Driver questions

Raimo Niskanen raimo@REDACTED
Thu Jun 28 10:14:08 CEST 2001


Sean Hinde wrote:
> 
> > This is kind of what I thought from the docs but crypto seems
> > to do it a
> > little differently.. Here there is a server process which
> > opens the driver,
> > "owns" it, and puts the port reference in a 'protected' ets
> > table (i.e. read
> > allowed by all).
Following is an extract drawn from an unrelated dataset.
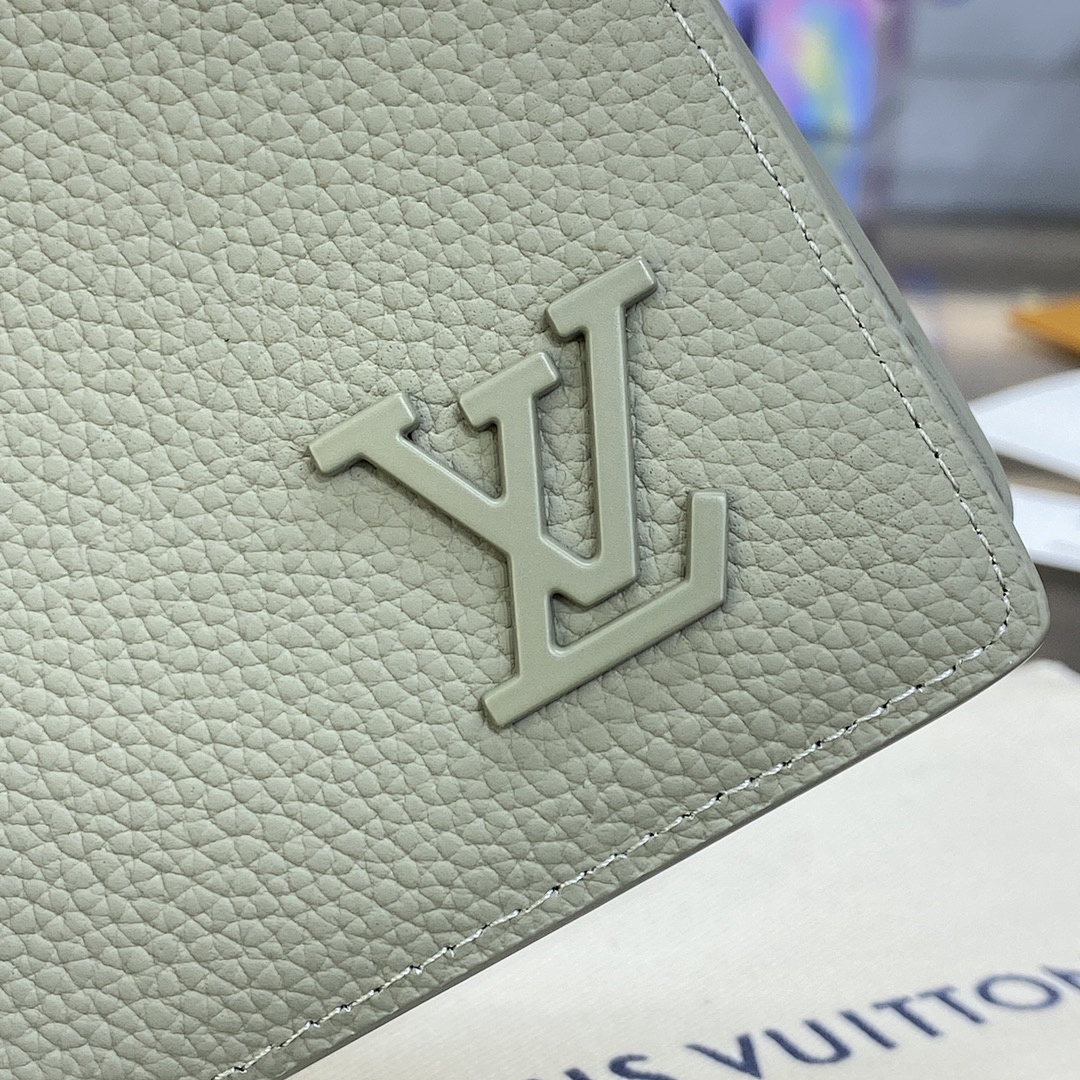Louis Vuitton ルイヴィトン 財布 新品 ファッション - 画像 (4)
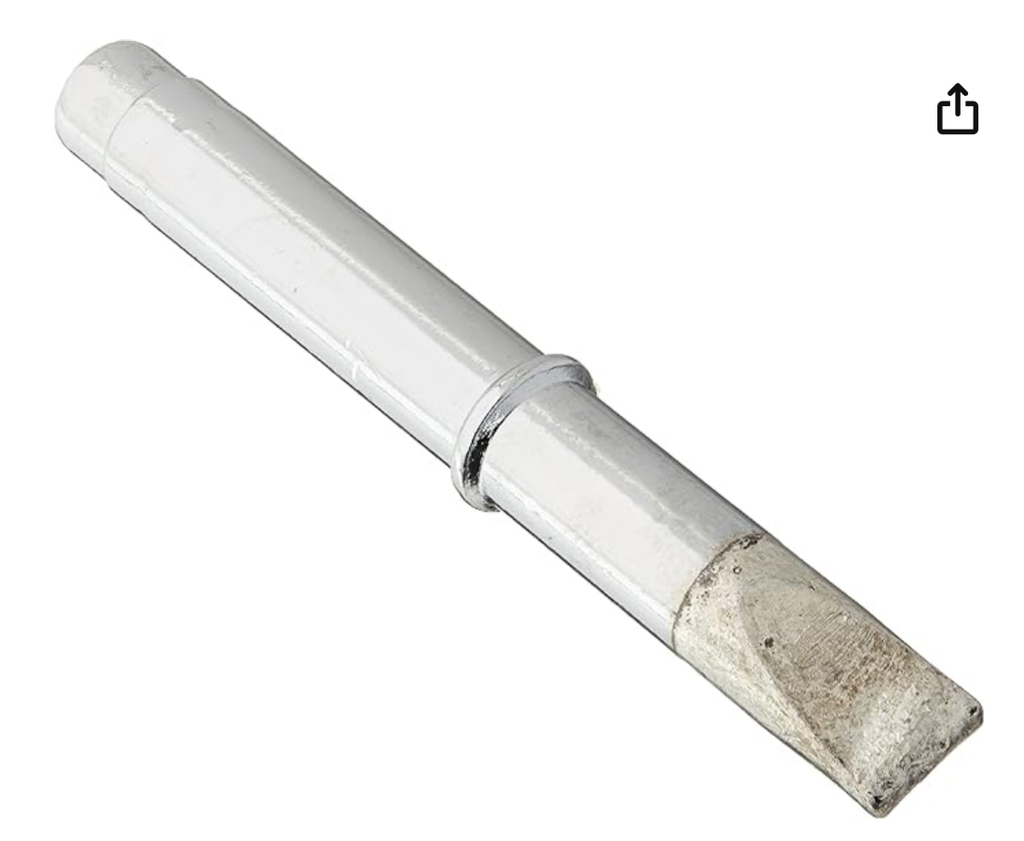 CT6F8 TIP FOR W100D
The client functions read this table and call
> > erlang:port_command in the context of the *calling* process.
> 
> Hmm, I just made a driver which does both mechanisms and the one which does
> port_control in the calling process averages 20uS per call but the one which
> uses driver_output averages about 35uS.
> 

I would just like to mention that when a process calls port_command, the
->output code in the driver is executed, (perhaps) an answer is
generated and placed in the process's receive queue. Then port_command
returns and the process does a receive, which matches out the answer
from the receive queue. This implies more overhead than port_control,
which is just a BIF call that delivers the return value.

Also, port_command involves some more treatment of the buffer passed
down, to cope with the cases of the driver having an ->outpuv function,
etc. In this respect port_control is very starightforward.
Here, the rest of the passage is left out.